In 1990, I was hanging out with Gauntlet piercers Dan Kopka and Elayne Angel at their condo in West Hollywood. One of them popped in an underground video. I still remember the grainy interview of a punk guy with a lip ring. At that time, such images were extremely rare and exciting stuff! Charles Gatewood’s videos will never be remembered for their crude production value, but rather for the rarity of the footage. Charles’ first piercing video, in 1986, Erotic Tattooing and Body Piercing, included a Jim Ward lecture in NYC. Upon release, Charles found there was a lucrative home video market.

Copy of Jack Yount San Francisco 1993 photo by CG from PK private collection

Full disclosure, although I had met Charles several times in the 1990s, I was not friendly towards him. At best I was indifferent, but often I was dismissive. In my twenties, I had a very low opinion of fetish photographers. I would see my friends poorly compensated for their modeling and then their images would unknowingly get turned into greeting cards or plastered on buses as advertisement for STD treatment! I viewed fetish and body art photographers as sexual predators and economic exploiters of my community and friends.

However, during one of my countless used bookstore searches for piercing history in the early 2000s, I stumbled upon Charles Gatewood’s fine art photography book Sidetripping from 1975. My mind was blown! All my preconceptions of who Charles Gatewood was as a person and an artist were challenged. This astonishing work rivaled that of my favorite photographer Diane Arbus, except Gatewood’s book was also in collaboration with William Burroughs, a tremendous writer that greatly influenced me in my younger life! A life lesson learned, I reached out to Charles.

He invited me into his home. We had a casual friendship, I would see him maybe four to six times a year and always one on one. He’d make us tea, show me his latest art projects, we’d catch up on news. I’d dig for history lessons and he’d usually sell me something, or at least try to!

We shared the experience of having degrees in anthropology. Something that became apparent to me was at a public level his degree in anthropology was often toted as a strategy to contextualize and legitimize his work, however, his motivations and methods would be viewed as highly problematic by today’s rigorous academic standards. Charles was an experience junkie. He craved thrills and excitement. In his own words, he was a “gonzo-journalist.” He wanted his pictures to go “POW!”

Copy of Erl circa early 1990s (original name of bridge piercing was Erl) photo by CG from PK private collection

He was a passionate man, whose art and pursuits were driven by his thirst for excitement found in the new, the unusual, and the sexual. The camera lens allowed him access, power and privilege. Photography seduces many subjects and as a recognized photographer the aphrodisiac of the camera grew stronger. Rather than granting permission, models would actively seek him out!

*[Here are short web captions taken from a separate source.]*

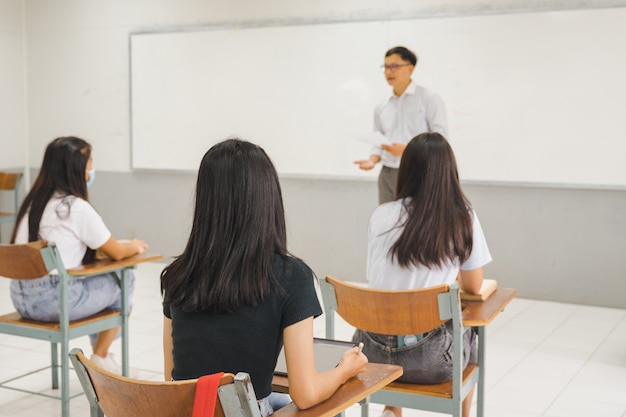 Les étudiants asiatiques de retour à l'école portent un masque facial et gardent la distance en étudiant en classe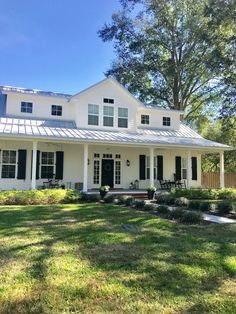 a white house with black shutters on the front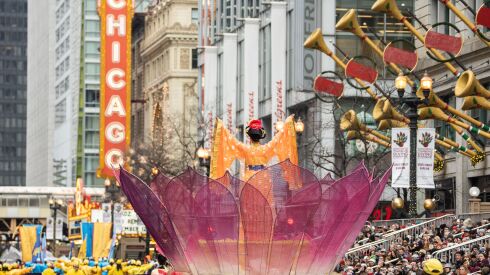 A float by the group Falun Dafa travels down State Street during the annual Thanksgiving Day Parade in the Loop, Thursday, Nov. 24, 2022.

Like an old-time wheelin’ and dealin’ carnival barker, Charles drew in individuals and groups with his fantastic life stories and whispered back door offers of his photographic works at “below gallery prices.” He was a self-made and self-employed artist for 50 years! He prided himself on getting by without ever having to have a real job.

Charles hoarded and thank God for that. His inability to let things go meant he had crates of magazine and newspaper clippings with jokes, photos, pop culture reviews, etc. referencing body piercing and tattooing. Although far from properly preserved, still, he had them while most of us were throwing these ephemera away. Much of the later dated material, he simply donated to the APP/BPA.

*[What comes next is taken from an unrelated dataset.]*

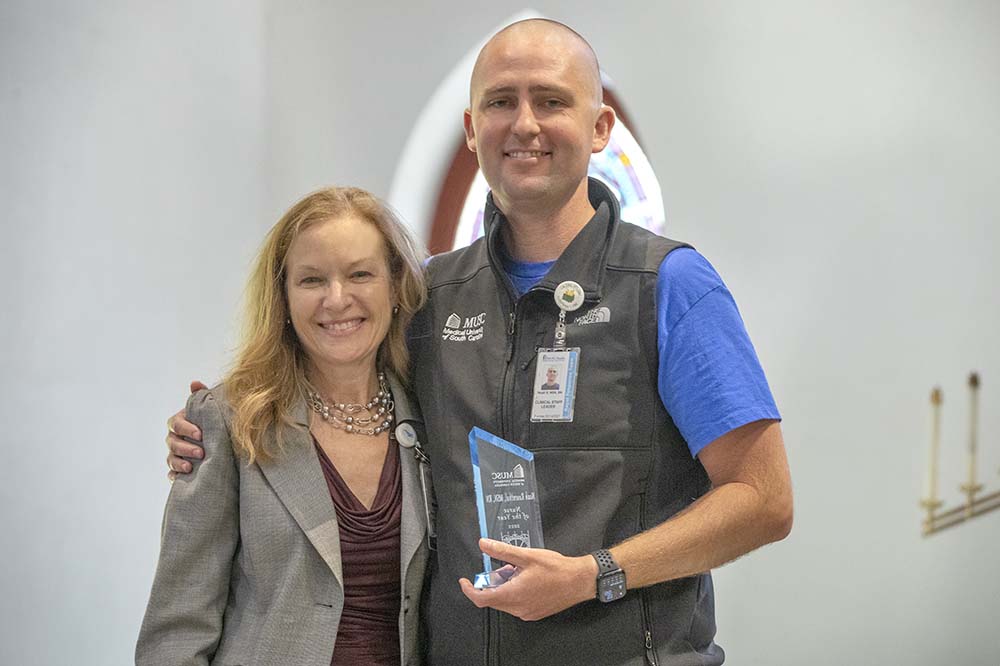 Chef nursing officer Patti Hart stands with Nurse of the Year Noah Rosenthal in St. Luke's Chapel.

Charles grew more familiar with my work and involvement with the APP. We agreed it would be amazing if we could put something together for the 20th anniversary of Modern Primitives. In 2009, Charles and V. Vale of ReSearch gave a well-received presentation at the APP Conference in Las Vegas.

The breadth and quantity of his late 1980s and early 1990s video work is staggering and unique to the body piercing community. He has hundreds of hours of footage that includes Sailor Sid, Jack Yount, Ron Athey, Elayne Angel, Hanky Panky, Allen Falkner, Erl, Annie Sprinkle, Mr. Sebastian, the founders of Body Manipulations, Al D. (yes, the same guy as the APP Scholarship), Raelyn Gallina, and many early Gauntlet piercers, some even before they were piercers. While Charles managed to sell his entire photography archive, including personal journals, to the U.C. Berkeley Bancroft Library, their archivists turned down his video catalog. They could not mentally offset the poor production value and the cost of digitization against the historical importance of these recorded histories. Had the APP Board of Directors not stepped in, much of our shared history would have been lost to the dump!

Copy of Michaela Grey San Francisco 1991 (before she became APP president) photo by CG from PK private collection

On December 8, 2015, Charles Gatewood donated the Flash Video collection to the APP and Body Piercing Archive (BPA). After he passed away, his estate turned over the remaining personal video archive, including interviews, recorded lectures, b-roll, unedited footage, etc. to the APP and BPA. To date, the APP and BPA have digitized nearly 250 consumer and professional grade tapes!

Charles and I discovered early on that we both had a history with alcohol and had sworn off the bottle decades before. However, Charles suffered from chronic back pain. He turned to prescription opioids and cannabinoids for relief. He started cancelling our rendezvous. Eventually, the opioids took over contributing to a growing depression and organic dementia. I expressed my concerns to him, perhaps too little and too late.

On April 8, 2016, he attempted to take his own life by jumping off his third story apartment balcony. The result was catastrophic injuries putting him in a coma and leading to his death on April 28. He did finally pass in peace, surrounded by folks that loved him. If the details of his death may seem too gruesome, please remember, this is a man that spent his entire career embracing the brutality of life. He would expect no less.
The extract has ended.